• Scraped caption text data

== Segment start ==

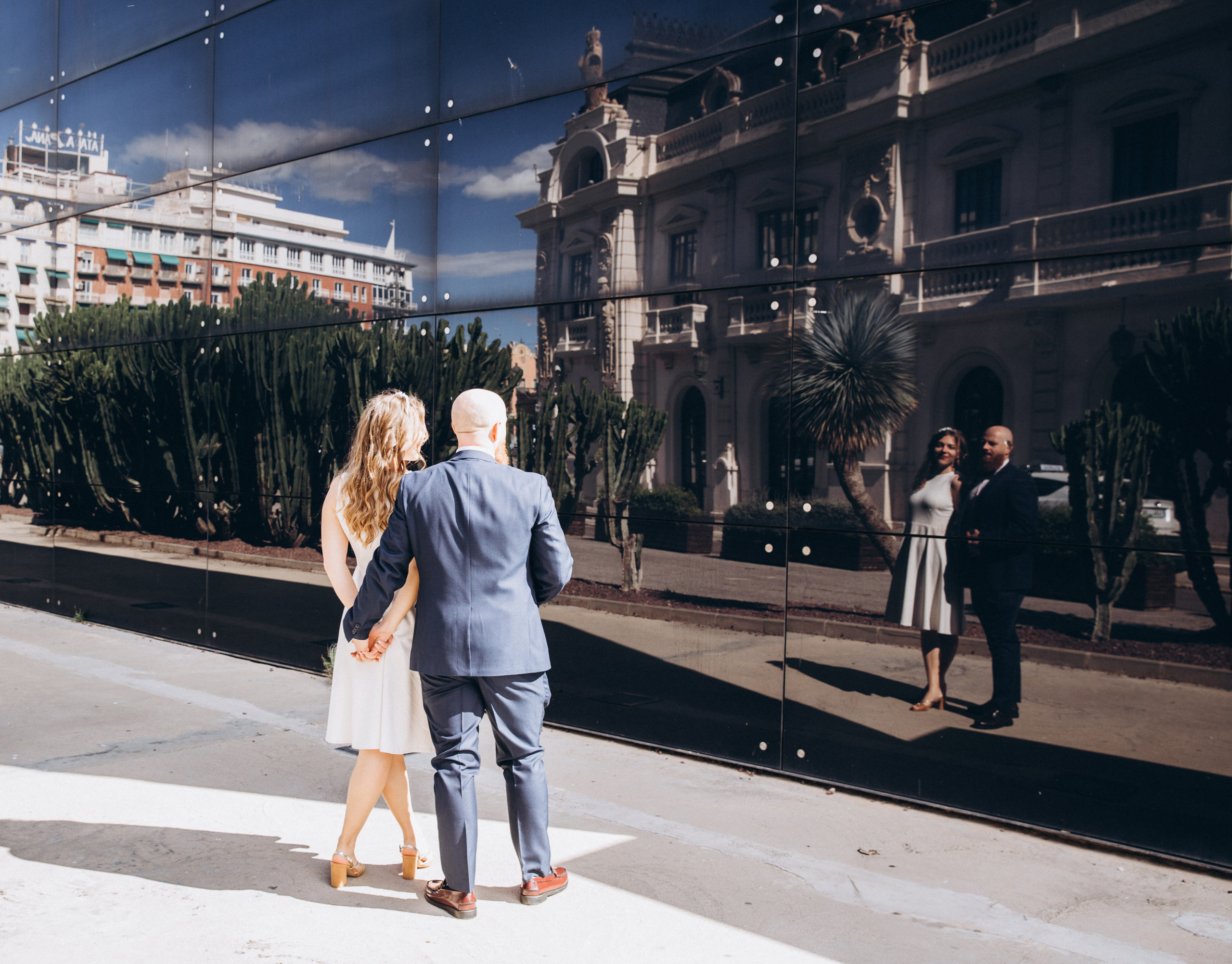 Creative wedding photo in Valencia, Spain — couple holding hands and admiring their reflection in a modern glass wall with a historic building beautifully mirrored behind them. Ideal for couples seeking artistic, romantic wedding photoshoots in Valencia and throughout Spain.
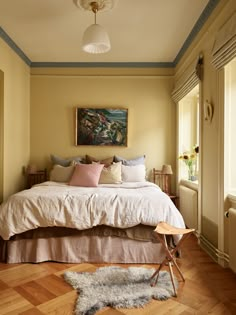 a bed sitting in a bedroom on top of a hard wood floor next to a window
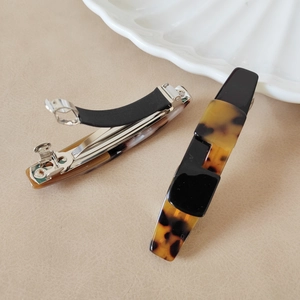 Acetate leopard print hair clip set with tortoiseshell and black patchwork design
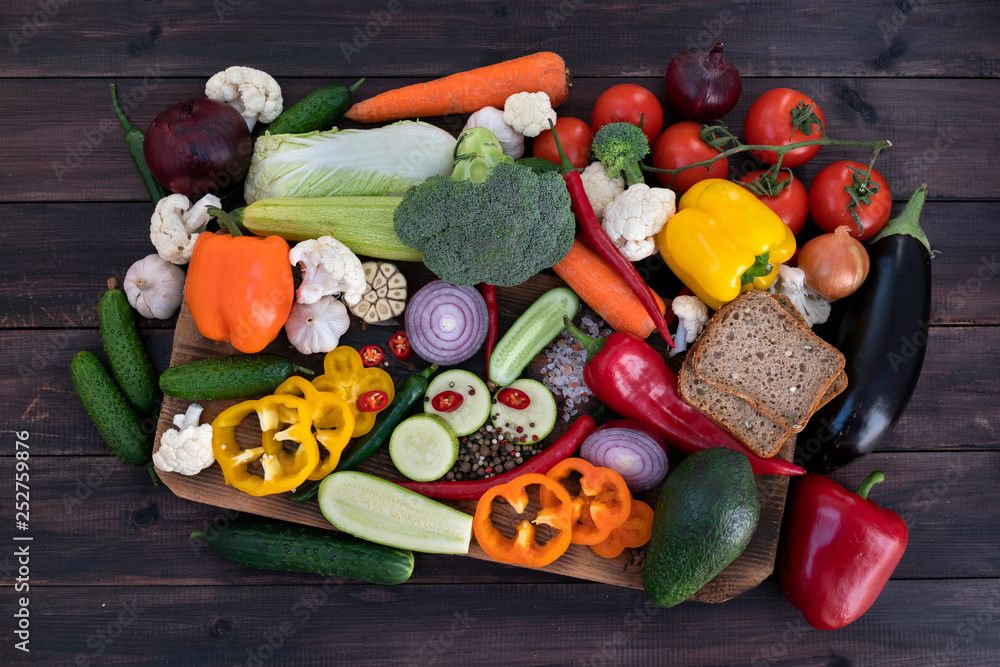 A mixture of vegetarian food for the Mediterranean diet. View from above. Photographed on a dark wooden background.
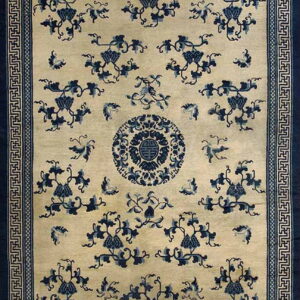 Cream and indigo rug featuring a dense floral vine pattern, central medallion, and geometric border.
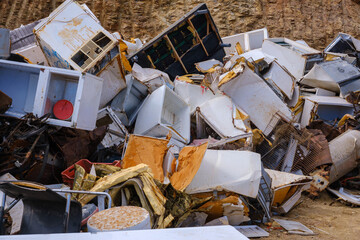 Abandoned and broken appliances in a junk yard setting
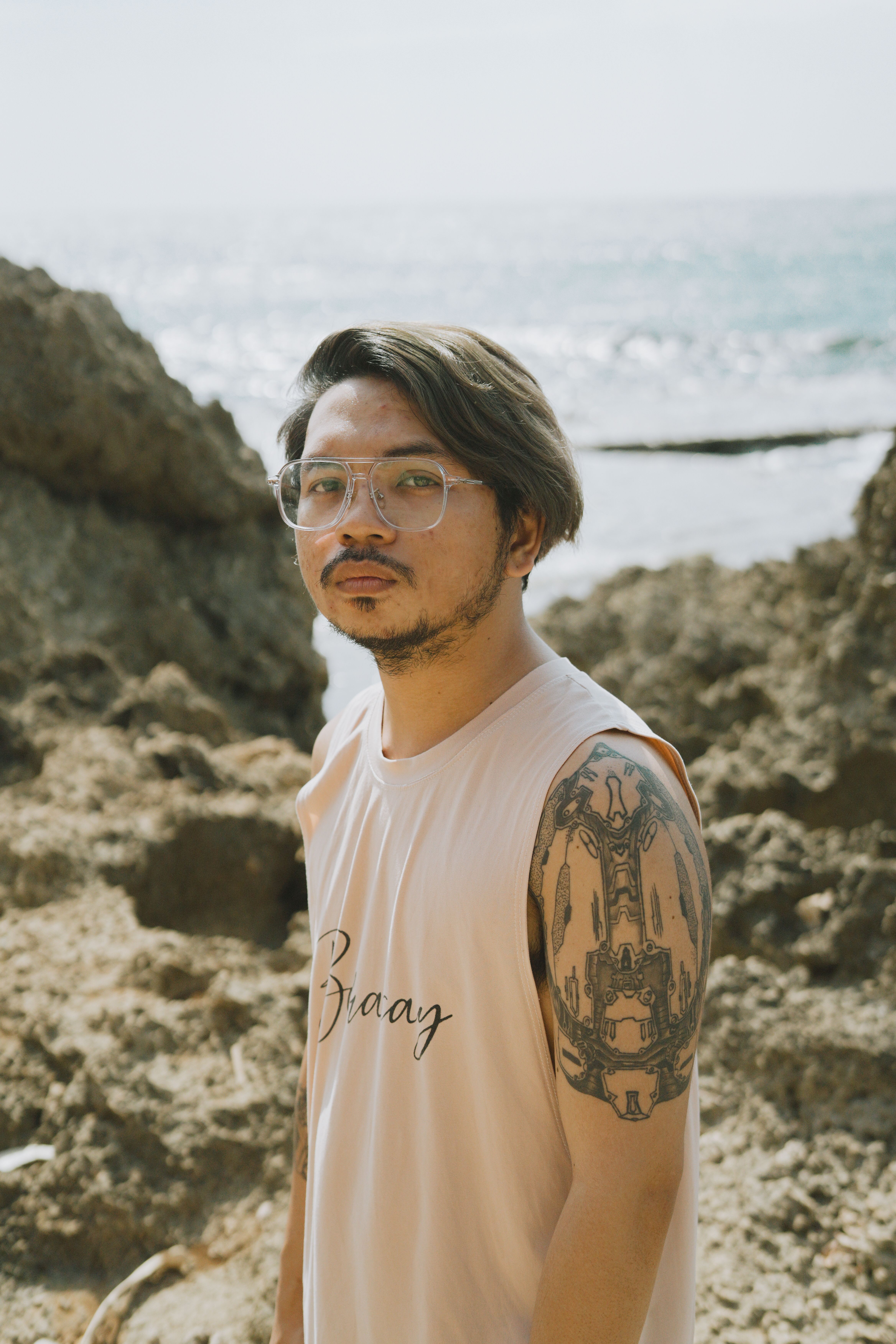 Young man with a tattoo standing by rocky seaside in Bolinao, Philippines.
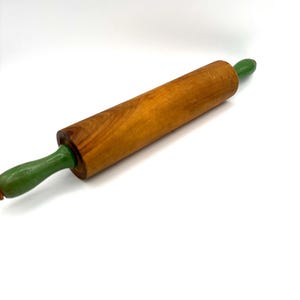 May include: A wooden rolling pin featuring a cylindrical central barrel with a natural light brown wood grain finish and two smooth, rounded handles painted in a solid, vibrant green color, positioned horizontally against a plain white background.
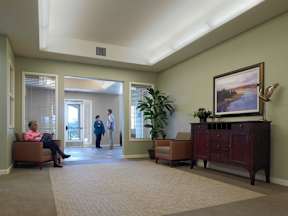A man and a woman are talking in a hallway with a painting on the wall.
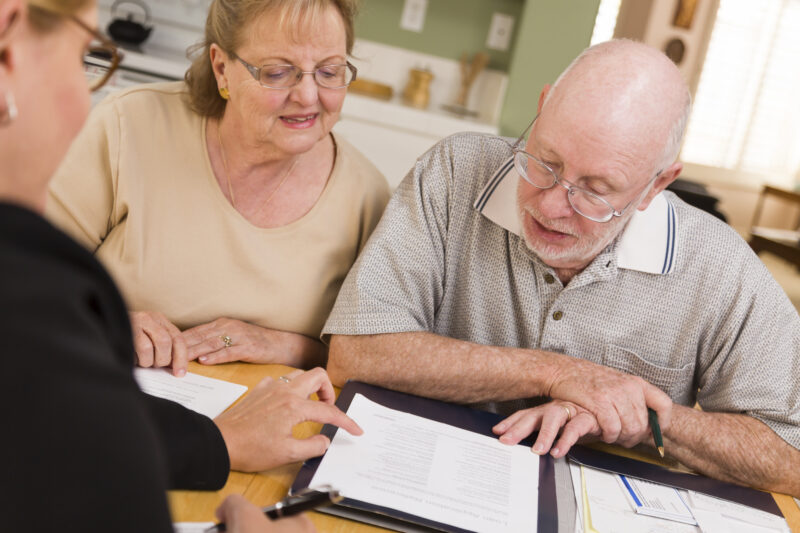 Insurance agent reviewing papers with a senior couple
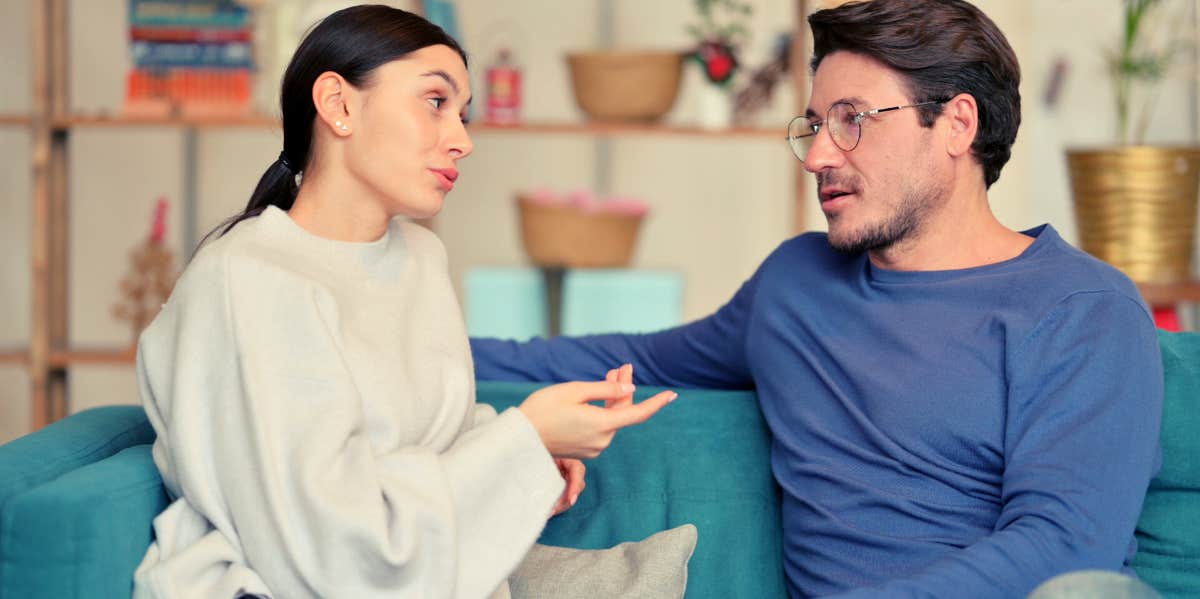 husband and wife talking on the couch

== Segment end ==

• Task
Give back exactly the lines from the line with "Acetate leopard print" through the final line of the entries above, and keep pictures out of the copy.

• Solved problem
 Acetate leopard print hair clip set with tortoiseshell and black patchwork design
 A mixture of vegetarian food for the Mediterranean diet. View from above. Photographed on a dark wooden background.
 Cream and indigo rug featuring a dense floral vine pattern, central medallion, and geometric border.
 Abandoned and broken appliances in a junk yard setting
 Young man with a tattoo standing by rocky seaside in Bolinao, Philippines.
 May include: A wooden rolling pin featuring a cylindrical central barrel with a natural light brown wood grain finish and two smooth, rounded handles painted in a solid, vibrant green color, positioned horizontally against a plain white background.
A man and a woman are talking in a hallway with a painting on the wall.
 Insurance agent reviewing papers with a senior couple
 husband and wife talking on the couch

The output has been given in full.